シンガポール対岸のジョホールバル(イスカンダル・マレーシア)において経済特区を有する大規模複合都市の開発を進めるイスカンダル計画は、既に始動から10年を経ている。香港近隣の漁村にすぎなかった深圳が、経済特区として1千万人都市に成長したケースをモデルとし、シンガポールの3倍に及ぶ広大なエリア(図表-1)を対象に、住宅や商業施設開発に止まらず、中心部では行政、金融、さらに教育およびエンターテイメント関連施設を集積、また、郊外の工業団地に製造、物流業を誘致するなどの包括的な都市計画となっている。イスカンダル地域開発庁によると、2006~25年の20年間で3,830億リンギ(約10兆円)の累積投資額、年7.3%のエリアGDP成長を目指しており、また、2013年に180万人だった人口が2025年に300万人に、雇用も131万人に拡大すると予想している。
図表-1 イスカンダル・マレーシア全図
イスカンダル計画では、シンガポールとの連結強化によるエリアの利便性およびブランド力の向上が重要ポイントである。シンガポールのMRT(地下鉄)の延長上にRTS(高速鉄道ステム)の建設を予定しており、これにより、旧市街のJBセントラル駅(図表-2A)からシンガポールのMRTに直接の乗り入れが可能になる。開通予定が当初の2018年から2020年以降に延期されたものの、途中で頓挫する可能性は小さい。さらに、もう1つの鉄道計画は、日本の新幹線システムの輸出も期待されるHSR(高速鉄道)の建設で、2026年の開通を予定している。クアラルンプールからシンガポールまで、途中停車なしの特急が90分で結び、ジョホールバルにもHSR駅が建設され、シャトル便がシンガポールのジュロンイーストまでの1駅を結ぶ。ジョホールバルでは、イスカンダル・プテリ(図表-B)にHSR駅の建設が予定されている。

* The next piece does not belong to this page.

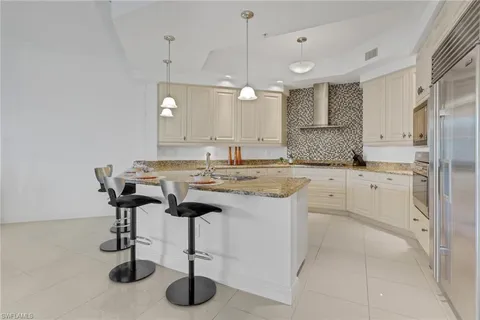 a kitchen with kitchen island granite countertop a sink cabinets and refrigerator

イスカンダル計画を開発エリア毎にみると、まず、コーズウェイ(土手橋)でシンガポールと連結する旧市街(図表-2A)は、RTS新駅の開発を含め、既存市街地の再開発によって貿易、金融機能やサービスセンターの集積を目指す。一方、以前はパーム椰子畑が一面に広がっていたイスカンダル・プテリ(旧ヌサジャヤ)(図表-2B)は、イスカンダル計画の核として、州政府機能やオフィスを集積し、加えて教育施設やエンターテイメント施設、医療観光施設なども誘致し、大規模住宅開発の中心エリアにもなっている。その他では、コンテナ積み替え拠点であるタンジュン・ペラパス港の周辺(図表-2C)は、セカンドリンクでシンガポールとの連結も良く、物流、製造拠点としての発展を目指している。一方、輸出入港であるパシル・グダン港(ジョホール港)の周辺(図表-2D)は、石油化学関連や各種の製造業を集積している。また、やや内陸に位置するセナイ空港の周辺(図表-2E)は、物流拠点、ハイテク産業・宇宙関連産業などの集積を目指している。